Une circulaire de la ministre du travail était censée préciser les modalités de gestion du dispositif, et prévoir notamment un appel à projet national pour « impliquer des opérateurs publics et privés dans la mise en relation des entreprises, des demandeurs d'emploi et des administrations » 64 ( * ) .

L'enveloppe financière du dispositif était estimée à 60 millions d'euros en dépenses d'intervention et à 4 millions en dépenses de fonctionnement, afin de financer 10 heures de suivi par emploi franc.

Ce financement était gagé par une diminution des crédits en AE et CP de tous les autres programmes de la mission « travail et emploi » 65 ( * ) .

2. Le projet du Gouvernement retenu à l'Assemblée nationale est moins ambitieux mais reste flou tandis que son efficacité n'est pas garantie

Deux amendements du Gouvernement ont été adoptés mercredi 8 novembre 2017 en séance publique.

Le premier 66 ( * ) , qui crée un article 66  dans la seconde partie du PLF, prévoit le déploiement des emplois francs à titre expérimental entre le 1 er avril 2018 et le 31 décembre 2019 . Ils bénéficieront aux entreprises disposant d'un établissement en France qui embauchent, en CDI ou en CDD d'au moins six mois , un demandeur d'emploi résidant dans l'un des quartiers prioritaires de la politique de la ville retenu dans l'expérimentation. L'article renvoie à un décret le soin de préciser les conditions de mise en oeuvre des emplois francs. Le Gouvernement devra par ailleurs remettre au Parlement un rapport d'évaluation de l'expérimentation au plus tard le 15 septembre 2019 .

Selon votre rapporteur pour avis, il n'était vraisemblablement pas nécessaire de prévoir une disposition législative pour autoriser l'expérimentation des emplois francs, car les autres dispositifs d'aides à l'embauche ont tous été mis en place par décret . En revanche, la voie législative permet de clarifier les intentions du Gouvernement, même si plusieurs éléments essentiels du dispositif, comme le montant des aides, seront définis par règlements.
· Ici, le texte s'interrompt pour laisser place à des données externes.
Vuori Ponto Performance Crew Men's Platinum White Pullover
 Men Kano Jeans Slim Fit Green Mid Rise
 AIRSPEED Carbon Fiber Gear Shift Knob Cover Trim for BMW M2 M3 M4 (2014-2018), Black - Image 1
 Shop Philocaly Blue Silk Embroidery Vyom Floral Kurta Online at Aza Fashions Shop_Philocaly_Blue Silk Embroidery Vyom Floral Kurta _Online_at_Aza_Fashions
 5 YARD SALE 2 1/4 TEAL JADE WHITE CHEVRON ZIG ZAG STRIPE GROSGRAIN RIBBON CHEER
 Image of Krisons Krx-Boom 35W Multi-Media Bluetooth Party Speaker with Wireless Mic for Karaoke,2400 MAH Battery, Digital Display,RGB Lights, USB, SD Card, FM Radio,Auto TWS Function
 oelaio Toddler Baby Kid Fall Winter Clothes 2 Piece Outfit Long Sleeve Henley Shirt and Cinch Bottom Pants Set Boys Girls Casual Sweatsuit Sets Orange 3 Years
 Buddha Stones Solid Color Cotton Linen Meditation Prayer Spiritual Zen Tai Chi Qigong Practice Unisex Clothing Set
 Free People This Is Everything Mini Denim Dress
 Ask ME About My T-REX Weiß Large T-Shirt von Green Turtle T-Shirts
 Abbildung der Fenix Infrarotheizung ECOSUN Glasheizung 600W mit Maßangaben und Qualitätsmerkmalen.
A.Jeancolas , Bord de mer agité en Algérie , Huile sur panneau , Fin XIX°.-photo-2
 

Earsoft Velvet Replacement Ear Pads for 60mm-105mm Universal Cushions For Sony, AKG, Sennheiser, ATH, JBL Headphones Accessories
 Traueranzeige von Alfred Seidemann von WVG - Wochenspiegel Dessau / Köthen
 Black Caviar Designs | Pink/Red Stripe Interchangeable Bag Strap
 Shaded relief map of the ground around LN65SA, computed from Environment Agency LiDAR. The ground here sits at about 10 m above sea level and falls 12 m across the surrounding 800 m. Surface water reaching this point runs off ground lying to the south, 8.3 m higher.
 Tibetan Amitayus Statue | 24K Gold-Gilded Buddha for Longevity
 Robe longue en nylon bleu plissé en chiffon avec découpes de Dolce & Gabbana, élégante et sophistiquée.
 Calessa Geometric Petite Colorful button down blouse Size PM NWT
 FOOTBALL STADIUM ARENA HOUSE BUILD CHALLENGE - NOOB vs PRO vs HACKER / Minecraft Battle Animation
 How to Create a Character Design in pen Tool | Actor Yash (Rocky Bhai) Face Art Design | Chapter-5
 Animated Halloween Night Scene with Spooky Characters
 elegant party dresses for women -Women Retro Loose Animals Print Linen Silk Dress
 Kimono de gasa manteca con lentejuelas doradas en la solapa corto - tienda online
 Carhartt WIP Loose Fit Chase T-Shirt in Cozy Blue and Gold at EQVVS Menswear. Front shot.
Outre deux amendements rédactionnels du rapporteur pour avis, un troisième amendement de clarification juridique du même auteur a été adopté pour préciser que les quartiers prioritaires de la politique de la ville devaient être les mêmes que ceux définis à l'article 5 de la loi n° 2014-173 du 21 février 2014 de programmation pour la ville et la cohésion urbaine.

L'exposé des motifs de l'amendement du Gouvernement reprend les mêmes niveaux d'aide que ceux évoqués par les députés : 15 000 euros pour un CDI versés en trois fois et de 5 000 euros pour un CDD de plus de six mois versés en deux fois.

Afin de tirer les conséquences budgétaires de cet amendement, un second amendement 67 ( * ) du Gouvernement a été adopté pour préciser que l'expérimentation nécessite une enveloppe de 11,7 millions d'euros en CP mais 180 millions en AE , uniquement pour l'année 2018 . Contrairement à l'amendement adopté en commission, celui du Gouvernement ne prévoit pas de diminution à due concurrence des crédits pour les autres dispositifs de la mission.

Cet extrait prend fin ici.